Fabricating Women

The Seamstresses of Old Regime France, 1675–1791

Fabricating Women

Book Pages: 528 Illustrations: 21 photos, 7 graphs, 7 tables Published: December 2001

Subjects
Economics, Gender and Sexuality > Feminism and Women’s Studies, History > European History

Winner of the 2002 Berkshire Prize, presented by the Berkshire Conference of Women Historians

Fabricating Women examines the social institution of the seamstresses’ guild in France from the time of Louis XIV to the Revolution. In contrast with previous scholarship on women and gender in the early modern period, Clare Haru Crowston asserts that the rise of the absolute state, with its centralizing and unifying tendencies, could actually increase women’s economic, social, and legal opportunities and allow them to thrive in corporate organizations such as the guild. Yet Crowston also reveals paradoxical consequences of the guild’s success, such as how its growing membership and visibility ultimately fostered an essentialized femininity that was tied to fashion and appearances.
Situating the seamstresses’ guild as both an economic and political institution, Crowston explores in particular its relationship with the all-male tailors’ guild, which had dominated the clothing fabrication trade in France until women challenged this monopoly during the seventeenth century. Combining archival evidence with visual images, technical literature, philosophical treatises, and fashion journals, she also investigates the techniques the seamstresses used to make and sell clothing, how the garments reflected and shaped modern conceptions of femininity, and guild officials’ interactions with royal and municipal authorities.
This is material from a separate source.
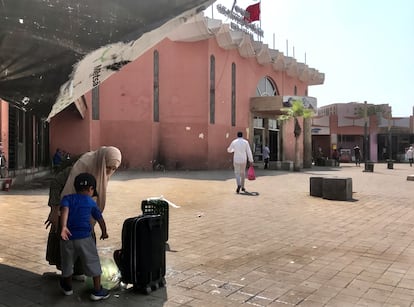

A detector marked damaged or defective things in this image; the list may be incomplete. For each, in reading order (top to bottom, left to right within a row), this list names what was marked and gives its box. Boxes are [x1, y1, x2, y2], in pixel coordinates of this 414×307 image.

torn awning fabric [0, 0, 213, 118]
Finally, by offering a revealing portrait of these women’s private lives—explaining, for instance, how many seamstresses went beyond traditional female boundaries by choosing to remain single and establish their own households—Crowston challenges existing ideas about women’s work and family in early modern Europe.
Although clothing lay at the heart of French economic production, social distinction, and cultural identity, Fabricating Women is the first book to investigate this immense and archetypal female guild in depth. It will be welcomed by students and scholars of French and European history, women’s and labor history, fashion and technology, and early modern political economy.

Praise

"Fabricating Women . . . adds significantly to and fills a gap in the field of eighteenth-century studies. The book presents the findings of Crowston’s sweeping, yet meticulous study of the seamstresses’ guild of eighteenth-century France. . . . The excellent literature review and bibliography make this book a valuable source for eighteenth-century scholars from various disciplines. . . . The book is well written and organized. It is informative to those who may be well versed in the field, but it is also welcoming to students and scholars from related fields. . . . It is a real behind-the-scenes look into the lives of the seamstresses. . . . [T]he book is the beginning of a thoughtful and much-needed reinterpretation of the French guild system. . . . This book would be a welcome addition to the library of any French history scholar, as well as of those interested in women’s studies, eighteenth-century studies or dress history." — Rebecca J. Faria , Dress

"[Crowston’s] study contributes meaningfully to social and cultural history, the history of work, gender studies, and, to a lesser extent, material culture. . . . Fabricating Women is extremely well-rounded . . . . The divisions, enhanced by subtitled sections within each chapter, make this a convenient book to read. While they combine to make a logical and well-reasoned whole, many of the (sub)divisions are complete in themselves, and can thus be studied more or less independently. Any or all of them repay the effort."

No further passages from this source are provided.